I can't wait to see how this goes.
I've long thought about something similar.
I have a 600 hps lying around unused as I don't have the space. If this works out I may be copying you.


----------



## 509Zman420 (Feb 28, 2013)

Can we get a pic of your whole tent setup... I also have a DR60 sitting around and was thinking about going vert in it myself just curious to see your exhaust and intake system to cool that 600 in such a small space... Kuddos to you though I am subbin this got to see the results


----------



## cues (Feb 28, 2013)

Just a thought.
Have you thought about putting a second screen in there around the light? About 18-20" diameter?
I currently U-scrog which is kinda like what you're doing but cut in half and on a horizontal plane.
Also, the air-flow (hot-air rising) alters extraction the requirements with the different dimensions of the grow.
Work out the screen area (you will be shocked!) Radiusx3.14,pi etc
Unfortunately, next comes optimal distance. IMO, If you are going to try and run this tight, You have, at most 4-5" of 'optimum bud' length before you are too close to get light-bleaching.
I won't insult you by asking about temps etc.


----------



## neopower101 (Feb 28, 2013)

Cues I understand your concern about the distance but as the girls stretch they will be tied back to the wall accordingly also they were vegged in there too. The heat is a little warm around 78- 80 it actually feels very warm and tropical like being in a greenhouse, it smells like fresh warm moist earth but better with a hint of weedie goodness=]. 509zman420 I will upload some pictures of the setup tomorrow when lights come on.

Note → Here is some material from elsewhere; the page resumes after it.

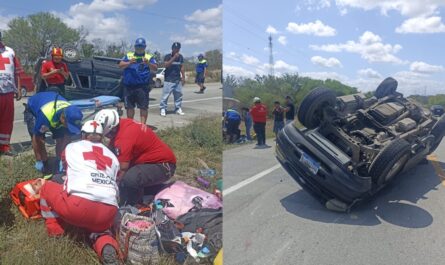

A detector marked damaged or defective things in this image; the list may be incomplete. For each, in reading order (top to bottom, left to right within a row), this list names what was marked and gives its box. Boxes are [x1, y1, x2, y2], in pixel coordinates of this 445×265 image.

overturned vehicle [276, 76, 442, 210]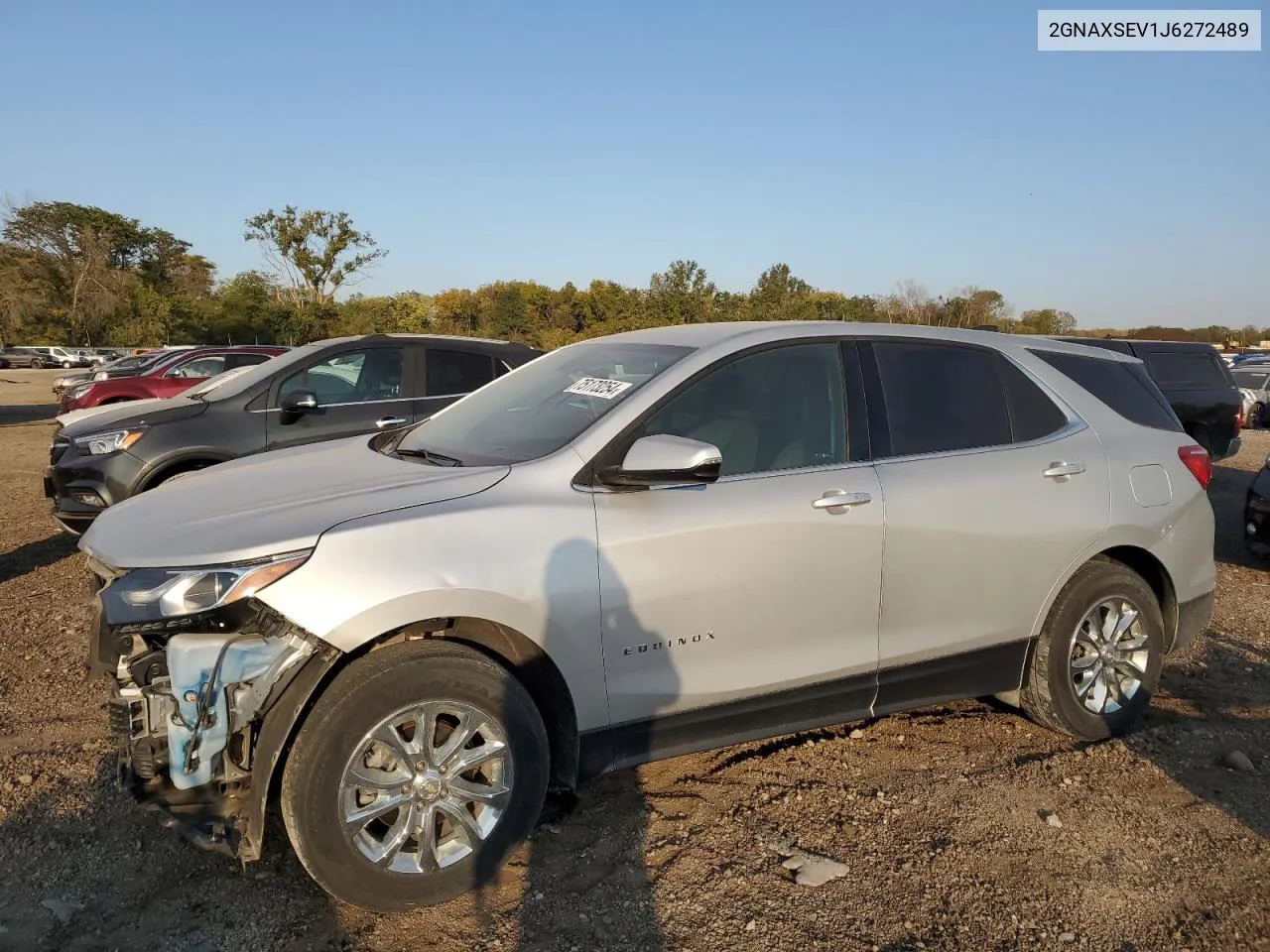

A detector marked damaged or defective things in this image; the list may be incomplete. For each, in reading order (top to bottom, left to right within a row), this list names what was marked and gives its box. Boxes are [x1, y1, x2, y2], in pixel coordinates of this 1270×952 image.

damaged front end [86, 555, 340, 863]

Thanks for Subbing Everyone!!More Pictures Coming Soon!!


----------



## neopower101 (Mar 1, 2013)

Hey everyone,* Small Update*!!

So here are the pictures you guys wanted of the whole setup starting with the outside and the fishes=D, as you can see in the next picture of the bottom the tent is upon boxes with room for air to be sucked in and up to the side vents on the tent. Now the top in the next picture there is a 6" or 7" fan with a DIY vent to the 4" vent, moving the air up into the carbon filter.


*Girlie**s*
Here are a few pics of the girlies and the inside setup with blub tied to the center of the fan at the bottom giving a great lift of heat letting me get as close as 3".
Day 5

*LED Box*
Also a few pics of a small LED clone box i made from an ottoman today when bored.


----------



## neopower101 (Mar 4, 2013)

Hey guys, can anyone help me with picture size? i made a photo bucket account but it isn't really working still small pictures.
.


----------



## 509Zman420 (Mar 4, 2013)

Go in and edit your post... in the area where you typed and put the pictures inline with the text, *DOUBLE-CLICK THE PHOTO* and then click on *FULL-SIZE*. Do this for each photo... hope this helps


----------



## neopower101 (Mar 4, 2013)

Thank you very much 509Zman420


----------



## 509Zman420 (Mar 4, 2013)

On a side note.... *DO NOT CLICK HERE!!! I bet you you will *


----------



## neopower101 (Mar 5, 2013)

Lol nice one man. Day 8 over girls popping pistils today pictures tomorrow.


----------



## BadAim (Mar 8, 2013)

im in looks good


----------



## Guzias1 (Mar 8, 2013)

fish water ! i loveee that idea haa. nice man, hope your ladies are happy


----------



## Jozikins (Mar 8, 2013)

This is awesome man. So interested in how this is going to turn out! Subbed


----------



## neopower101 (Mar 10, 2013)

*Day 14 Update*
Hey everyone, sorry about the long overdo post got a bit busy. But here is the girls today at the end of Day 14. Also the start of the 30 min decrease in light every week till I'm at 9/15.
*
lights on and off
*
*Blue Cheese*
Had to reposition her. Some yellow leaves from being stuck in the dense canopy

*Bud Shots*
Starting with bag seed, blue cheese(a.k.a Dottie), (Left) Purple, (Right) Purple, and All the girls together(after tying) =D.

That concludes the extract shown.